Contractors by Friday had replaced thousands of fallen ceiling tiles at the Harvard-Westlake School’s Studio City campus. Volunteer faculty, parents and students cleaned up much of the remaining mess and re-shelved 20,000 library books. Part of a shattered wall at the interdenominational chapel awaits repair.

Harvard-Westlake does not have earthquake insurance but has enough reserve funds to cover the more than $250,000 in reconstruction, according to Headmaster Thomas C. Hudnut. He said the school would not apply for federal emergency aid because “we have our own resources and see no need to take government funds from anyone else.” The school, which enrolls 1,500 middle school and high school students, has a campus in Bel-Air that was undamaged.

Around the Los Angeles area, some families of students in private or religious schools have lost jobs or homes and fear that they will no longer be able to afford tuition. The schools say they will attempt to grant financial aid for those emergencies.
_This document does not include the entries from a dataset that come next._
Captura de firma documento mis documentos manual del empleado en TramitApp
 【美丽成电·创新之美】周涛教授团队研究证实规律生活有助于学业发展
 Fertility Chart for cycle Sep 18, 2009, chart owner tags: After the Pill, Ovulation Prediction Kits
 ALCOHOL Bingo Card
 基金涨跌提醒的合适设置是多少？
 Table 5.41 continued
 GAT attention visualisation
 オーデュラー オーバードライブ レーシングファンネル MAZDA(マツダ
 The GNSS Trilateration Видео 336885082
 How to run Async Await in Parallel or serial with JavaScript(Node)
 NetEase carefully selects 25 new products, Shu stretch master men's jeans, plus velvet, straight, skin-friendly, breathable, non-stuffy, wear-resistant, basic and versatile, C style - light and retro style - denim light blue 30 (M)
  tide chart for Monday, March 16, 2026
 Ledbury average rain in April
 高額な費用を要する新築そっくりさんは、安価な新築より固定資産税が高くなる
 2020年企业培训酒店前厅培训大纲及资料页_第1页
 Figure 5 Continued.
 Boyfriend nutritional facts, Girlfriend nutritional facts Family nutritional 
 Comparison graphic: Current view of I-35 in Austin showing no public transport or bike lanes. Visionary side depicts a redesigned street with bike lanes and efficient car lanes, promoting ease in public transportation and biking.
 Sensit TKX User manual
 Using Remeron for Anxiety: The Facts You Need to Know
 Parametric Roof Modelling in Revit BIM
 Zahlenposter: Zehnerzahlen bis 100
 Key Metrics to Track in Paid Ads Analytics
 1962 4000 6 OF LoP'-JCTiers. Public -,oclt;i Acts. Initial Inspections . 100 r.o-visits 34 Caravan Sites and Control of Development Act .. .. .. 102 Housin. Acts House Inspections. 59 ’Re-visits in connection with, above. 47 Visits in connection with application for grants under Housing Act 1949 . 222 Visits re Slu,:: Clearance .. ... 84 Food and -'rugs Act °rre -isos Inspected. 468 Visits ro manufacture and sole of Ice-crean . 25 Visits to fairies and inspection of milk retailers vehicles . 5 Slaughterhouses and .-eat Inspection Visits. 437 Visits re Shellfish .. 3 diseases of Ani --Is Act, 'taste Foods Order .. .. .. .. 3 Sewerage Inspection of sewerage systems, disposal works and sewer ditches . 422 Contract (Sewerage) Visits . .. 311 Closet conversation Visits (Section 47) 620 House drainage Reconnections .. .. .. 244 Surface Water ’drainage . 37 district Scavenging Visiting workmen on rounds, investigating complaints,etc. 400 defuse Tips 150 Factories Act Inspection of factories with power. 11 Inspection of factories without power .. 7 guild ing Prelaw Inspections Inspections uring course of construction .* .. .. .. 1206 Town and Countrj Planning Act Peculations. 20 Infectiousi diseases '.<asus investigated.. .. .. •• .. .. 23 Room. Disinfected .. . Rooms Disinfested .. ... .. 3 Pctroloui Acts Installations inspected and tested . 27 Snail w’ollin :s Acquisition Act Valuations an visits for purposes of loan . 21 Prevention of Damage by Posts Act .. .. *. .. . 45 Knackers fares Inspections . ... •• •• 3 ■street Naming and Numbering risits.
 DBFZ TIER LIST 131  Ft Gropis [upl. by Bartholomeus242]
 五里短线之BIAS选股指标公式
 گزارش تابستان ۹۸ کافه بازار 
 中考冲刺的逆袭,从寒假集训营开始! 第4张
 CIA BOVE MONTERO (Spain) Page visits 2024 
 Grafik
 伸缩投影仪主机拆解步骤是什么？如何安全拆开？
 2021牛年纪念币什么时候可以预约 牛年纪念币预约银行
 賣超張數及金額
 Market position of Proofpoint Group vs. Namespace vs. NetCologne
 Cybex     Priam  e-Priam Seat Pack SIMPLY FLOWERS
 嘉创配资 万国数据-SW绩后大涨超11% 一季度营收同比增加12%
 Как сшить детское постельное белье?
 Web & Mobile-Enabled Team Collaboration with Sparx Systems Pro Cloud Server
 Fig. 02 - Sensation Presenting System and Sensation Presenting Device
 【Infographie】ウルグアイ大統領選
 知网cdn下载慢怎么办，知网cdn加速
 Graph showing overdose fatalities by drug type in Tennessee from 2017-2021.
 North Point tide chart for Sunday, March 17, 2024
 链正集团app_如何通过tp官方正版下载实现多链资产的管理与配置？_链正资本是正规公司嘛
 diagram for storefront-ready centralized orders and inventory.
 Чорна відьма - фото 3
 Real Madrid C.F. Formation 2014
In many cases, arrangements are still being worked out.

What’s more, campuses in the San Fernando Valley report transportation obstacles. The Village Christian Schools, a kindergarten through high school campus in Sun Valley, has students and faculty from the over the hills in the Santa Clarita Valley, now cut off from its bus service. The campus is encouraging teachers and students to ride the Metrolink trains to the Burbank station, from which the school will operate a shuttle bus.

Some parents of elementary students may ride the train with their children, but others cannot do so and will not send the youngsters alone, according to David Wilson, the school’s director of development. “We may lose some students. That’s an unfortunate possibility,” he said.